Viele Unternehmen schrecken davor zurück, Abmahnungen zu schreiben, weil sie befürchten, dass sich dies negativ auf die Motivation der jungen Menschen auswirken könnte. Natürlich kann das passieren. Auf der anderen Seite vergeben Sie mit einer zurückgehaltenen Abmahnung auch die Chance, dass sich die Situation nachhaltig verbessert. Reagiert der Azubi angemessen auf die Abmahnung, ist diese schließlich eine Chance für ihn, das unerwünschte Verhalten einzustellen. Und stellt sich keine Veränderung ein, können Sie beim nächsten Vergehen möglicherweise zur fristlosen Kündigung greifen.
Beachten Sie allerdings, dass eine Abmahnung stichfest sein muss. Ein Azubi kann nämlich gegen eine Abmahnung vorgehen, wenn diese überzogen oder sogar völlig unbegründet ist. Auszubildende unter 18 Jahren sind durch das Jugendarbeitsschutzgesetz zusätzlich vor Kündigungen geschützt.
Sanktionen gegen Azubi: Berechtigte Gründe für eine Abmahnung
Die Liste der Gründe, weswegen Sanktionen gegen einen Azubi verhängt werden könnten, ist lang. Im Folgenden habe ich für Sie eine Liste mit typischen Arten von Fehlverhalten zusammengestellt, die in eine Abmahnung münden können. Natürlich erhebt diese Zusammenstellung keinen Anspruch auf Vollständigkeit.
- Unpünktlichkeit bei Arbeitsbeginn oder nach den Pausen
- Respektloses oder freches Auftreten gegenüber anderen Azubis, Mitarbeitern oder Vorgesetzten
- Schwänzen der Berufsschule
- Unentschuldigtes Fernbleiben im Betrieb
- Mobbing gegenüber Kollegen*innen
- Nicht ordnungsgemäße Pflege des Berichtshefts
- Missachtung von Arbeitsanweisungen
- Übermäßige Nutzung vom Smartphone am Arbeitsplatz
Natürlich gibt es auch eine Reihe von noch schlimmeren Vergehen. Wird der Azubi aber beispielsweise handgreiflich gegenüber anderen Mitarbeitern oder beschädigt etwas mutwillig oder macht sich sogar des Diebstahls an Firmeneigentum schuldig, fallen die Sanktionen gegen den Azubi normalerweise deutlich schwerwiegender aus.
Neben einer fristlosen Kündigung kann in solchen Extremfällen schließlich auch Schadensersatz gegen Azubis geltend gemacht werden. Das ist allerdings Thema eines anderen Beitrags.
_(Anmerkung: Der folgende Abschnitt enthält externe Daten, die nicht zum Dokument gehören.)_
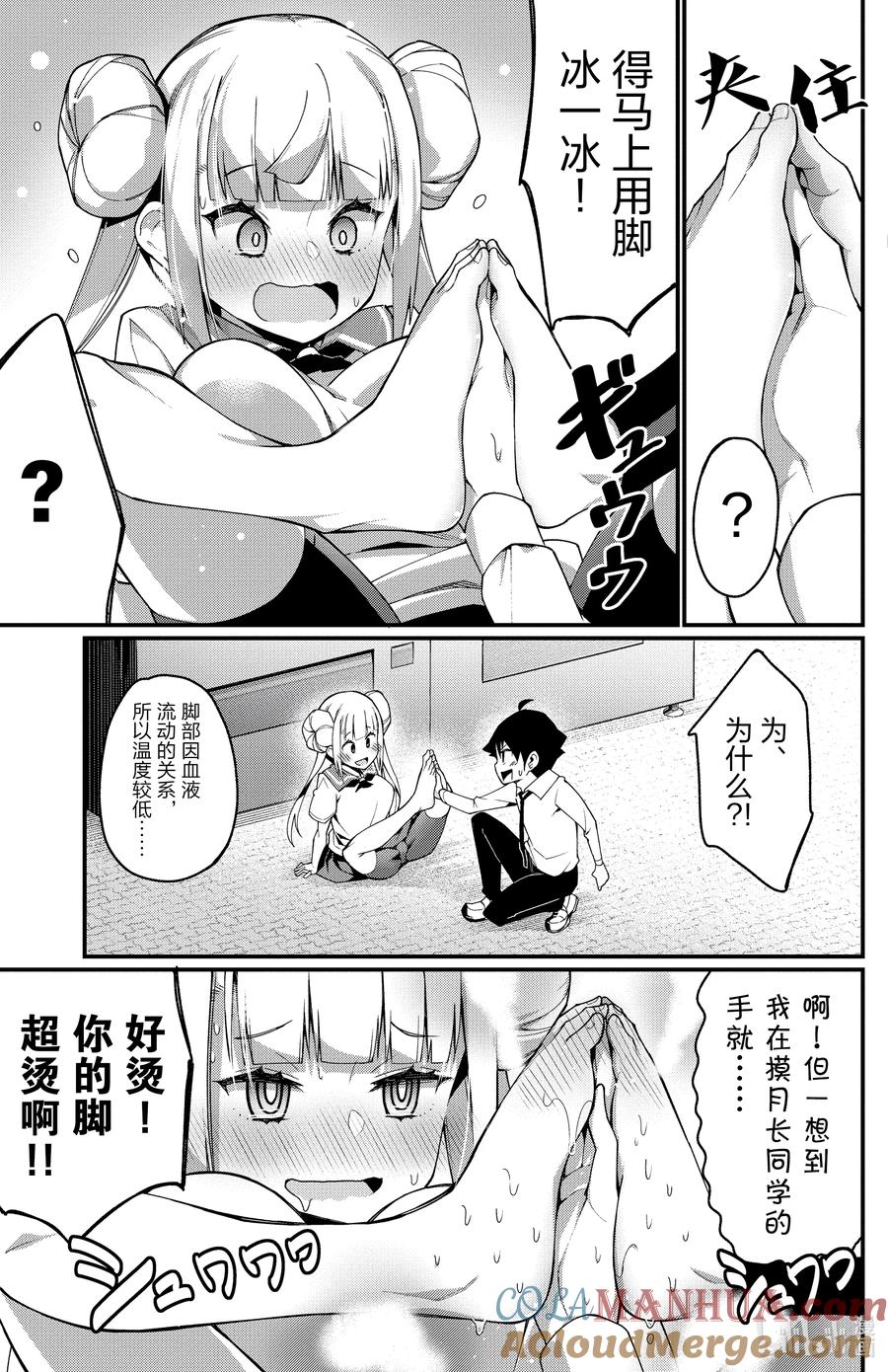 4第4只吃便当-足艺少女小村同学-灰刃寝梦美,秋田书店（第2张）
Die Alternative zu Sanktionen: Der motivierende Ansatz
Kommt ein Azubi immer wieder bis zu fünf Minuten unpünktlich, kommt es stark darauf an, wie Sie reagieren. Wegen ein paar Minuten möchte kaum jemand gerne ein Fass aufmachen und für schlechte Stimmung sorgen. Zumal die meisten Azubis auf öffentliche Verkehrsmittel angewiesen sind, bei denen es nun einmal gerade in der morgendlichen „Rush Hour“ immer mal wieder zu Verspätungen kommt.
Tendieren Ausbilder allerdings dazu, völlig über die regelmäßigen fünf Minuten hinwegzusehen, färbt sich das schnell auf die Einstellung und Moral anderer Azubis ab. Wer immer diszipliniert zum Arbeitsbeginn am Platz sitzt und dafür eine Bahn oder einen Bus früher nimmt, sieht in der Regel nicht gerne mit an, wie bei Kollegen*innen, die das nicht auf sich nehmen, weggesehen wird.
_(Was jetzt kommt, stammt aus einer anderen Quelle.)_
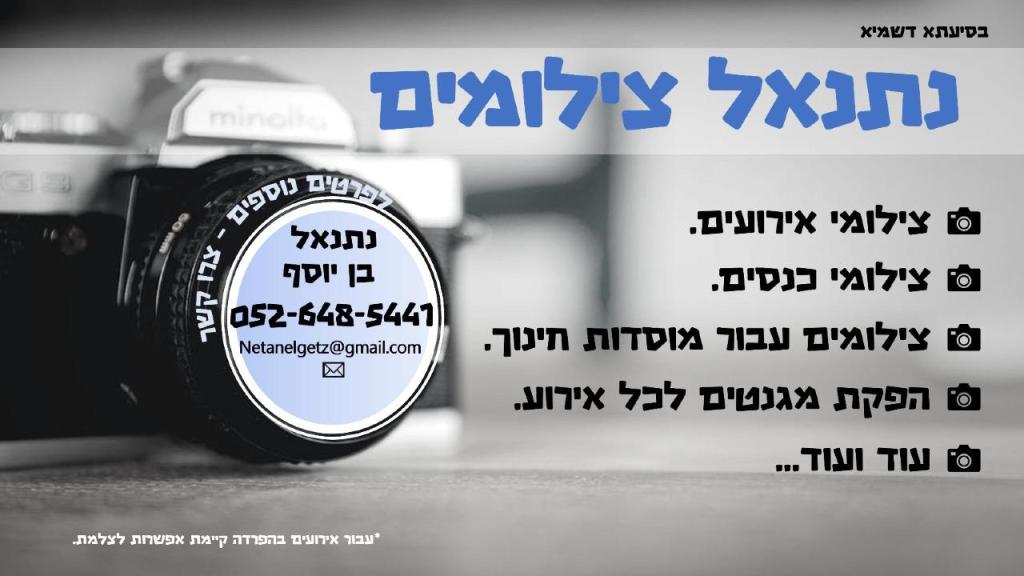נתנאל צילומים נתנאל צילומים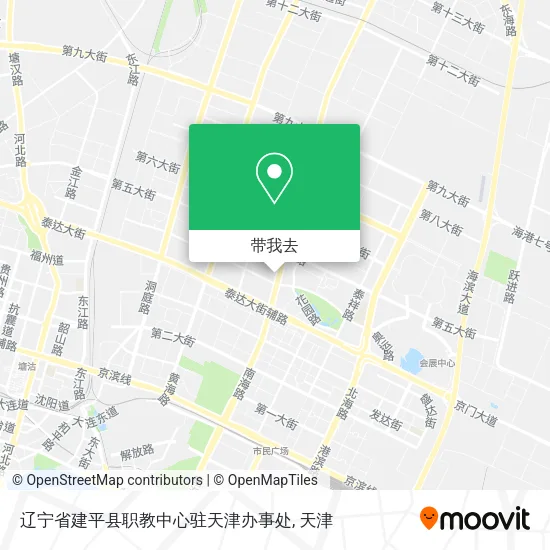 辽宁省建平县职教中心驻天津办事处地图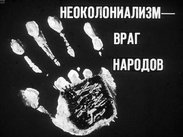 Неоколониализм - враг народов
Anstatt nun aber den Azubi, der regelmäßig zu spät kommt, zu sanktionieren, kann der Ansatz auch umgekehrt ausfallen: Wer morgens pünktlich kommt, erhält eine entsprechende Belohnung. Denkbar ist auch ein komplettes Belohnungssystem, das sich aus mehreren Bausteinen zusammensetzt. Wer beispielsweise in der gesamten Woche nicht zu spät kam, könnte einen Punkt bekommen. Weitere Punkte könnte es für die ordnungsgemäße Führung des Berichtshefts geben. Wiederum mehr Punkte für die Erfüllung der übertragenen Aufgaben. Und so weiter und so fort.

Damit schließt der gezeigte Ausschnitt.